_Activity_
Of the lines below, write out exactly those from the line with "Onekama Boat Rental | Relation Ship" through the line with "Vineyard Vines Bright", both included, and skip the rest.

_Data supplied_

-- -- --

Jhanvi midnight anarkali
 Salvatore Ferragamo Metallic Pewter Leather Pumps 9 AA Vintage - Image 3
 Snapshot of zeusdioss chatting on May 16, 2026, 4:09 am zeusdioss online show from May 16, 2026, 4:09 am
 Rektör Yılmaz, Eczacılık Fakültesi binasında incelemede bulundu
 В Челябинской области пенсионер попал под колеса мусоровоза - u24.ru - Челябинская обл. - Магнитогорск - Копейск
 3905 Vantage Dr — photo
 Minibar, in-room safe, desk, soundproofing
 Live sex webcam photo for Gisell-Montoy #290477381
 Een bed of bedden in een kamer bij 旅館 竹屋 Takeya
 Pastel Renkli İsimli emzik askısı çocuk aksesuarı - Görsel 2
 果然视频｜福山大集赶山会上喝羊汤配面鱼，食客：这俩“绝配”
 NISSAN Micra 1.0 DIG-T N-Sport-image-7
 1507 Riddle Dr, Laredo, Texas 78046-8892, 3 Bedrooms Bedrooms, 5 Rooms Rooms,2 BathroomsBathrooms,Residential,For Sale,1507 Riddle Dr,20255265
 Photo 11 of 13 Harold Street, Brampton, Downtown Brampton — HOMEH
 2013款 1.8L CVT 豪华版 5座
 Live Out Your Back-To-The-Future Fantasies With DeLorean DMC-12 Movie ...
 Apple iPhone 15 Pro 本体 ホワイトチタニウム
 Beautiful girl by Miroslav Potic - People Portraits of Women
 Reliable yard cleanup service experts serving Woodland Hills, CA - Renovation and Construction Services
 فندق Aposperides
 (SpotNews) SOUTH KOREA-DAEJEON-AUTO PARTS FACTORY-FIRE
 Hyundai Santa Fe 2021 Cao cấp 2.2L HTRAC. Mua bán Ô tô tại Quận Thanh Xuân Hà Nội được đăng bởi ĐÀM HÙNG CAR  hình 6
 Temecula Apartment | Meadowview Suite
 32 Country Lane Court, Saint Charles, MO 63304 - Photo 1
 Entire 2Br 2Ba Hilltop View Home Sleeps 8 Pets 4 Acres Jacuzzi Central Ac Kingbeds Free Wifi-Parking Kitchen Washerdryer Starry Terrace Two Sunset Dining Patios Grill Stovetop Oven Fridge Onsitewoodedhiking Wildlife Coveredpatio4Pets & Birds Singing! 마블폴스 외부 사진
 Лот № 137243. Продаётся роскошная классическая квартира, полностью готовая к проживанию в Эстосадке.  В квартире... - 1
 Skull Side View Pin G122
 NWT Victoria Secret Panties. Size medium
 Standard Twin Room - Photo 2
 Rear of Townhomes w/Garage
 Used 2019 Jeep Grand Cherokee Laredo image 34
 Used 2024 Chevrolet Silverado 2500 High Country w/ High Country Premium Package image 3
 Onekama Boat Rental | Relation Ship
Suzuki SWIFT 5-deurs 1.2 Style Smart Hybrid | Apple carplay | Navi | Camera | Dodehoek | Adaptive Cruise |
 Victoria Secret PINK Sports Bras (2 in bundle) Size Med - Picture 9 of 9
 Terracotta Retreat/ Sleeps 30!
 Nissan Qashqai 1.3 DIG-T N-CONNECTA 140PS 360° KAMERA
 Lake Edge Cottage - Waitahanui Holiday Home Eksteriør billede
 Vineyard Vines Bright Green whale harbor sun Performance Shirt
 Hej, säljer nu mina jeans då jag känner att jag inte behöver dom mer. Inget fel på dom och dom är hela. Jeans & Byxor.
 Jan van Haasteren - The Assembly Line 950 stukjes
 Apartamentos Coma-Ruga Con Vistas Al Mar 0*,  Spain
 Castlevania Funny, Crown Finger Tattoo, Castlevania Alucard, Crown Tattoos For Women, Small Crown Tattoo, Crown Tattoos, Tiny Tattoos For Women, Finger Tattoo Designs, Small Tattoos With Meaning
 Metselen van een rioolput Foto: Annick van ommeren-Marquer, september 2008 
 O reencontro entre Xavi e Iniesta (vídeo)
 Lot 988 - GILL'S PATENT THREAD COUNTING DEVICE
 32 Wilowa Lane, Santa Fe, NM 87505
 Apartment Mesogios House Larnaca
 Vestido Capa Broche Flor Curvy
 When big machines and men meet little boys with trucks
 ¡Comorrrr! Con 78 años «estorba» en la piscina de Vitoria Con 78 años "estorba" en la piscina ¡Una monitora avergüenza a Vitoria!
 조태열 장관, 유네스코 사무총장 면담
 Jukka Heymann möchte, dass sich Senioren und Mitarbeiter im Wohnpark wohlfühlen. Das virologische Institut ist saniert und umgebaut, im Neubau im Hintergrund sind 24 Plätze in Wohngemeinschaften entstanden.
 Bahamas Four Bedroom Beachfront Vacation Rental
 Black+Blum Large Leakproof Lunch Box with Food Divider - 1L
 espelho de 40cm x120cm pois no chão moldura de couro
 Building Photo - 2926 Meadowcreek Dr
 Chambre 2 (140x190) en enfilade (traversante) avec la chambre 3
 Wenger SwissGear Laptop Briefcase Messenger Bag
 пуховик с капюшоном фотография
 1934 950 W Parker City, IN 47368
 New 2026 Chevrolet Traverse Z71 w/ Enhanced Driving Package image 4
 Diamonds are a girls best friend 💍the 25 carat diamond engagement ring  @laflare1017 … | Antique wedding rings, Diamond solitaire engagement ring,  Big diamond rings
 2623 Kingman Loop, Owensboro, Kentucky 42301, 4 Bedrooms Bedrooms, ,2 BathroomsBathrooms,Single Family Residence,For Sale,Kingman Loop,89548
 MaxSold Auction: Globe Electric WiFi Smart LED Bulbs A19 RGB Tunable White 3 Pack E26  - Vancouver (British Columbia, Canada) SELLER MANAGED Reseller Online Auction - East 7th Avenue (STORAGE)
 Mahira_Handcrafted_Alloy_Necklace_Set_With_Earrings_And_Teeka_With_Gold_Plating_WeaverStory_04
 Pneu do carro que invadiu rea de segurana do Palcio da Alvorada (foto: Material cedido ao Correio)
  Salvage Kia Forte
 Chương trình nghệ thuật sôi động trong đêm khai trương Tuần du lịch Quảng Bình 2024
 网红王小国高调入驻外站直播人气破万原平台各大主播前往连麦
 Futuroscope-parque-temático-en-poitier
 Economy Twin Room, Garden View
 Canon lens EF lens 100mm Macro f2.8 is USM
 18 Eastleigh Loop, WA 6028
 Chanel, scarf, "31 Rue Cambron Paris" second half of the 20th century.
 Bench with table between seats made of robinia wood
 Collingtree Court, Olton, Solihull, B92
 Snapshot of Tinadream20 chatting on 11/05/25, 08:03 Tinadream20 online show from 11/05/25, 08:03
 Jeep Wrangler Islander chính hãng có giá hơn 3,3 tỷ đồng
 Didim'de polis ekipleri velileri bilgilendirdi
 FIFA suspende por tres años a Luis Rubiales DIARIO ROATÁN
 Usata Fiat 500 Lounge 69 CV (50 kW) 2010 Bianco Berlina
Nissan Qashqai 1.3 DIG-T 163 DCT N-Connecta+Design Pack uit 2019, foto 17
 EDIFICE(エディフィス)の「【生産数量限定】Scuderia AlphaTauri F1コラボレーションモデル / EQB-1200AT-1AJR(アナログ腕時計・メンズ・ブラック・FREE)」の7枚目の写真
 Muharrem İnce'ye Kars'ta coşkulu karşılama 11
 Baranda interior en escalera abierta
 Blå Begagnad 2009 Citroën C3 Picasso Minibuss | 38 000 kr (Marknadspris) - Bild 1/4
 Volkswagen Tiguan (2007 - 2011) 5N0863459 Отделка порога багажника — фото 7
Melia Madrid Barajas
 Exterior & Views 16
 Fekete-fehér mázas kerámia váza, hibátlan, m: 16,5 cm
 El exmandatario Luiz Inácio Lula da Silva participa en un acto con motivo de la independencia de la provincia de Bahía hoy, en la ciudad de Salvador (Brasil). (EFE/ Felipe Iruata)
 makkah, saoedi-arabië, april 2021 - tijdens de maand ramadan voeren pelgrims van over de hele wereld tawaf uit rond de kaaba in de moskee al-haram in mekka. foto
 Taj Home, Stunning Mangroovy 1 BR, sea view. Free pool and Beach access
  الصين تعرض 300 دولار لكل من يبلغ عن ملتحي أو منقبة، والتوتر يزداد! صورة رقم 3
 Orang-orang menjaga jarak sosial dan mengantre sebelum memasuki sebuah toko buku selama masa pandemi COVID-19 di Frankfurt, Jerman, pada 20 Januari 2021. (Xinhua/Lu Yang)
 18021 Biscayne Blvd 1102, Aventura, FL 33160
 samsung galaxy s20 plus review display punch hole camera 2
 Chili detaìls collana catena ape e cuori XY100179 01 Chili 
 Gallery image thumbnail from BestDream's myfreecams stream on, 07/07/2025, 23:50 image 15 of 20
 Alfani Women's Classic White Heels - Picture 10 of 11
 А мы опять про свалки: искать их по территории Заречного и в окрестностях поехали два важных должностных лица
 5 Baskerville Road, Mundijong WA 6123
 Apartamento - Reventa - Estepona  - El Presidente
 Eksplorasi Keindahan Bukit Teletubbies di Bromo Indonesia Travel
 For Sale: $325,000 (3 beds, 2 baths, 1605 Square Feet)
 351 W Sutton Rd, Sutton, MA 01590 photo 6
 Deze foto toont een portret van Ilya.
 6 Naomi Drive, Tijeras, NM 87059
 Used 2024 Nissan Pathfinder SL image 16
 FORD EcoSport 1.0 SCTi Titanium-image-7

-- -- --

_Answer section_
 Onekama Boat Rental | Relation Ship
Suzuki SWIFT 5-deurs 1.2 Style Smart Hybrid | Apple carplay | Navi | Camera | Dodehoek | Adaptive Cruise |
 Victoria Secret PINK Sports Bras (2 in bundle) Size Med - Picture 9 of 9
 Terracotta Retreat/ Sleeps 30!
 Nissan Qashqai 1.3 DIG-T N-CONNECTA 140PS 360° KAMERA
 Lake Edge Cottage - Waitahanui Holiday Home Eksteriør billede
 Vineyard Vines Bright Green whale harbor sun Performance Shirt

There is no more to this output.